The virtual modeling of production processes is becoming increasingly important. This also applies to mass finishing processes, which are used as surface finishing processes to improve the tribological properties of components. Unlike conventional FEM or CFD methods, DEM uses independent particles that can move freely and separate from each other. At each time step, the interaction of each particle with potential neighboring particles and boundary walls is calculated. Each movement is accurately recorded based on factors such as stiffness and velocity of movement. This simulation method can take complex particle shapes into account as well as simple spherical shapes. 

Stream finishing process of OTEC

OTEC Precision Finishing Solutions GmbH has further developed immersed tumbling to include stream finishing (SF). Stream finishing technology involves workpieces that are clamped in a holder and lowered into a rotating container filled with a grinding or polishing medium. In addition to this rotating container, the workpiece itself also rotates independently around its own axis, which increases the finishing possibilities.

The immersion depth and the immersion angle serve as central parameters of the finishing process. Using further process parameters, the movement of the abrasive particles can be flexibly adapted to the requirements of the respective workpieces. The friction energy is generated by the pressure and the movement of the granulate relative to the workpiece. This energy input during stream finishing is beneficial for surface conditioning and enables a microstructure change induced by shear stress.

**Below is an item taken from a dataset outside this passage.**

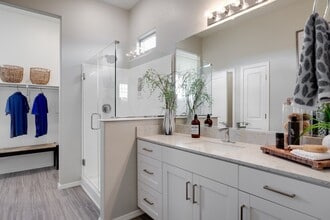 Vlux at Queen Creek in Queen Creek, AZ - Building Photo - Building Photo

Meaningful load cases for DEM validation 

Parameter calibration is necessary to ensure correct particle behavior. Determining the static and dynamic angle of repose are established methods to calibrate DEM model parameters such as dynamic and static friction coefficients. However, test cases specific to mass finishing should be used that have contact pressure and similar relative velocity as the target application. In this case, the attacking torque on the workpiece was validated for various container velocities and workpiece positions. A good agreement with a relative error of about 10 percent could be achieved.

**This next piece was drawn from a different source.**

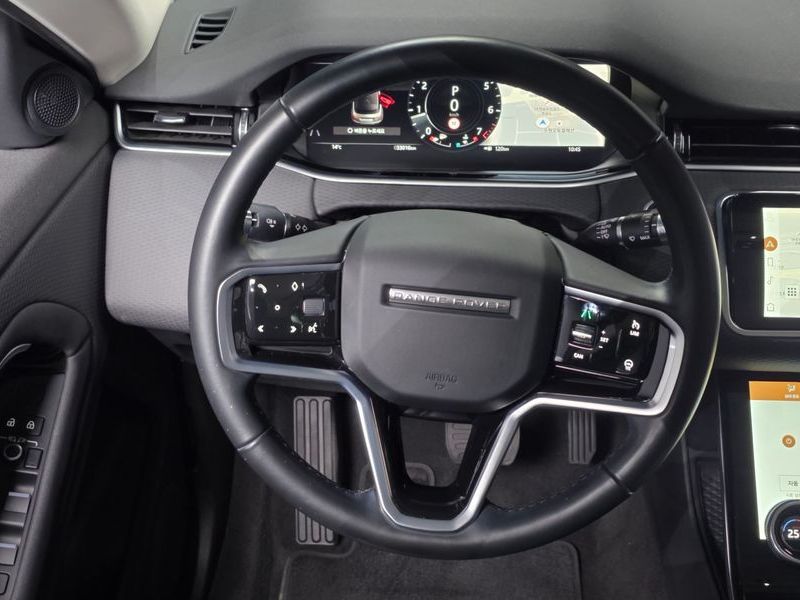 2021 Land Rover Range Rover Evoque P250 S photo 13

60 percent improvement in bending fatigue strength 

Together with the Stellantis Research Center in Turin, the introduction of residual compressive stress in a stream finish processed gear was examined. A process, which was initially not suitable, was successfully optimized in order to achieve higher residual compressive stress. An improvement in the bending fatigue strength of 60 percent was achieved.

Helical gears can exhibit an effective pumping effect of the granules through the rotation of the workpiece holder. The interaction between the workpiece and the moving granules introduces a high level of frictional energy. This also changes the microstructure, causing grain refinement to a nanocrystalline edge layer, which helps to reduce surface wear. 

Pumping effect at the gear wheel: particle movement trajectories within 0.03 s | © OTEC

The image of the simulation of the gear wheel – filled with the granules between the tooth flanks – illustrates the efficiency of the pumping effect. Due to the rotation of the gear wheel around the axis of the workpiece bracket, a high translational velocity of the particles is recorded. However, the particles clearly do not remain stationary in the tooth gaps. The trajectories of these specific particles for the subsequent 0.03 seconds of the simulation are sketched here. In this short time, the particles leave the spaces between the teeth, creating a relative velocity within the spaces.

Steady state for velocity is quickly reached

The simulation is carried out until a steady-state flow of the granulate filling in the container is achieved. The relative velocity that has been calculated is then compared with the product of normal stress and relative velocity (P x V). This product combination is useful for evaluating local process effectiveness. If one of these factors is zero, no processing is taking place at the corresponding point on the workpiece. The variables are averaged over a simulated process period of one second. This duration is considered sufficient since multiple tool rotations take place within this period.

The simulation was carried out over a total period of 2.5 seconds. A rapid adjustment to a stationary state is evident for the velocity component. By contrast, the pressure build-up is slower, due to the time required for the complete formation of the granulate wall.

Gear wheel and bracket immersed in seven million particles; section of the flow in front of the workpiece | © OTEC

To validate the simulation, the residual compressive stress on the gear wheels was compared with optimized and non-optimized finishing processes. A significant increase by a factor of 2.6 was observed directly at the surface for the optimized process.

With simulation, no experimental trial-and-error process is needed

Conclusion: The potential of Rocky DEM simulation as a tool for improving stream finishing technology has been demonstrated. By using DEM simulations, manufacturing processes can be optimized in a cost-effective manner. In the case of mass finishing described here, the operating parameters are optimized without the need for an experimental trial-and-error process. This means that individual customer requirements and geometries can be taken into account in an even more targeted way than before, and product quality can be improved overall. This advantage will continue to grow in the future with increasing computing power – and thus with accelerated simulations.